Source information:
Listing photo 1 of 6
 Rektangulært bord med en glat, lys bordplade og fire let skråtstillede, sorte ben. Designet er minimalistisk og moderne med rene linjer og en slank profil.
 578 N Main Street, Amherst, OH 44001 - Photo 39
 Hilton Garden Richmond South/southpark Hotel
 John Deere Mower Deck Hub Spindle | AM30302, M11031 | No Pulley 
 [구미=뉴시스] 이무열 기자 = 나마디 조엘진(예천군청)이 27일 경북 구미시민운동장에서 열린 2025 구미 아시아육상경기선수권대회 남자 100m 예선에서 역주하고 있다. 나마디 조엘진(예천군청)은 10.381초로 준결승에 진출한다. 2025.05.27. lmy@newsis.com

Task to complete: Repeat only the tail of the entries, exactly: the line containing "Rektangulært bord med" and every line after it, to the end.

Task answer:
 Rektangulært bord med en glat, lys bordplade og fire let skråtstillede, sorte ben. Designet er minimalistisk og moderne med rene linjer og en slank profil.
 578 N Main Street, Amherst, OH 44001 - Photo 39
 Hilton Garden Richmond South/southpark Hotel
 John Deere Mower Deck Hub Spindle | AM30302, M11031 | No Pulley 
 [구미=뉴시스] 이무열 기자 = 나마디 조엘진(예천군청)이 27일 경북 구미시민운동장에서 열린 2025 구미 아시아육상경기선수권대회 남자 100m 예선에서 역주하고 있다. 나마디 조엘진(예천군청)은 10.381초로 준결승에 진출한다. 2025.05.27. lmy@newsis.com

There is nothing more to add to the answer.